Un échantillon est il représentatif du sédiment analysé ?

Considérons un tas de sédiments homogènes fractionné en échantillons identiques. Quelle est la « répétabilité » de la mesure granulométrique pour une quantité d’échantillon donnée ? Naturellement il n’existe pas de réponse unique à ces questions, tout dépend du mode de mesure choisi « sieve-by-weight » ou « grid-by-number ».

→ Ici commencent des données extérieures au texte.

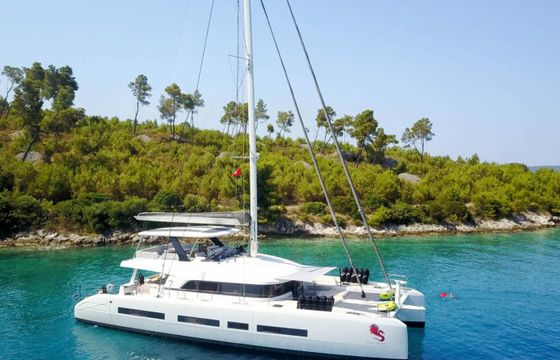 Lagoon Seventy 7 Adriatic Dragon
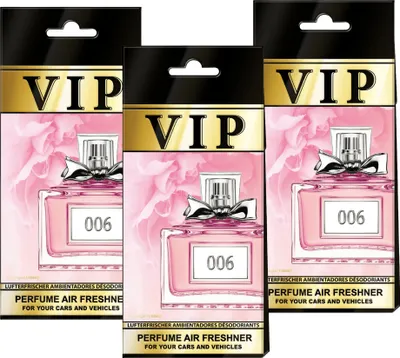 Image de 3x parfum voiture VIP-006, purificateur d'air maison, désodorisant voiture, désodorisant voiture, arbre à parfum voiture, désodorisant maison, accessoire voiture intérieur, parfum voiture, diffuseur de parfum de luxe, accessoire voiture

Quel volume est il nécessaire de tamiser pour bien caractériser à priori la granulométrie d’un matériau (« sieve-by-weight ») ? Une série de critères a été définie depuis les années 80 pour répondre à ce problème [Haschenburger et al. 2007]. En premier lieu, le volume à échantillonner doit être largement supérieur au volume des plus grosses particules prélevées (Figure 12). Par exemple, Mosley and Tindale [1984] proposent que la masse du plus gros claste soit inférieure à 5% de la masse totale de l’échantillon. Le volume à échantillonner devrait également être ajusté en fonction de l’hétérométrie des grains, de leur classement, de leur morphométrie, et cætera [Gale and Hoare, 1992 ; Milan et al., 1999]…

Figure 12 : Volume de sédiment à prélever pour caractériser la granulométrie d’un échantillon, estimation de l’incertitude sur les classes granulométriques [Milan et al., 1999]

Les marges d’incertitude indiquées portent sur le spectre granulométrique complet, c'est-à-dire la valeur du D50. D’après cet abaque nous pouvons estimer une incertitude de l’ordre de 1% à 5% pour nos échantillons (voir notre protocole expérimental dans les paragraphes suivants). Nous n’avons pas besoin d’une précision plus importante.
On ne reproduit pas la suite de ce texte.